Violin with broken strings
On Nov.18, 1995, Itzhak Perlman, the violinist, came on stage to give aconcert.
If you have ever been to a Perlman concert, you know that getting on stage is no small achievement for him.
He was stricken with polio as a child, and so he walks with the aid of two crutches.
The audience sits quietly while he makes his way across the stage to his chair and begins his play.
But this time, something went wrong.
Just as he finished the first few bars, one of the strings on his violin broke.
We thought that he would have to stop the concert.
But he didn't. Instead, he waited a moment, closed his eyes and then signaled the conductor to begin again.
The orchestra began and he played with such passion and such power and such purity as they had never heard before.

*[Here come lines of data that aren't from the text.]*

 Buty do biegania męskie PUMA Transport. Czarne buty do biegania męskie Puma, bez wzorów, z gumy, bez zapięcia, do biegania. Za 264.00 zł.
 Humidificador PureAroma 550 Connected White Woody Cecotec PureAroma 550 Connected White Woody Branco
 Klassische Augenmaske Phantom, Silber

Of course, anyone knows that it is impossible to play a harmonious work with just three strings.
I know that, and you know that, but that night Itzhak Perlman refused to know that.

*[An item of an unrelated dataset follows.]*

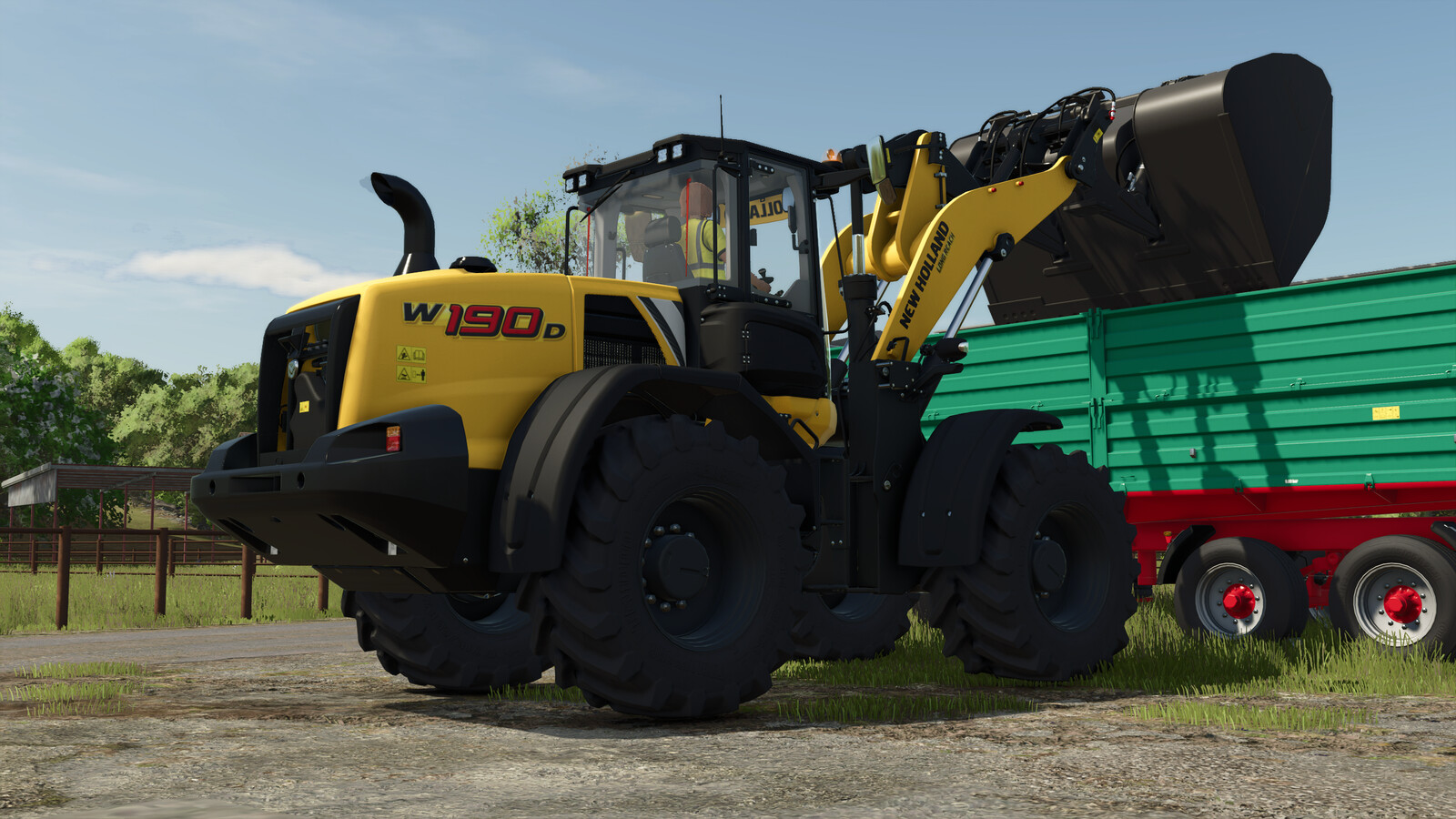 New Holland W190D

When he finished, there was an awesome silence in the room.
And then people rose and cheered.
There was an extraordinary outburst of applause from every corner of the auditorium.

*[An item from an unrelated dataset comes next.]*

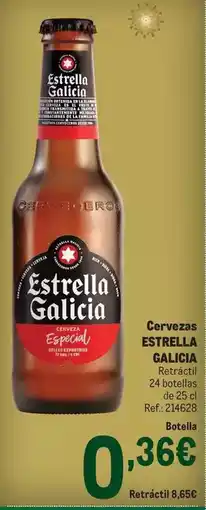 Makro Estrella galicia - cervezas oferta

He smiled, wiped the sweat from this brow and then he said-not boastfully,
but in aquiet, sacred tone-You know, sometimes it is the artist's task to find out how much music you can still make with what you have left.
This powerful line has stayed in my mind ever since I heard it.
And who knows? Perhaps that is the definition of life-not just for artists but for all of us.
He has prepared all his life to make music on a violin of your strings, but all of a sudden, in the middle of a concert,
he finds himself with only three strings; so he makes music with three strings,
and the music he made that night with just three strings was more beautiful, more sacred, more memorable, than any that he had ever made before, when he had four strings
So, perhaps our task in this shaky, fast-changing, bewildering world in which we live is to make music,
at first with all that we have, and then, when that is no longer possible, to make music with what we have left.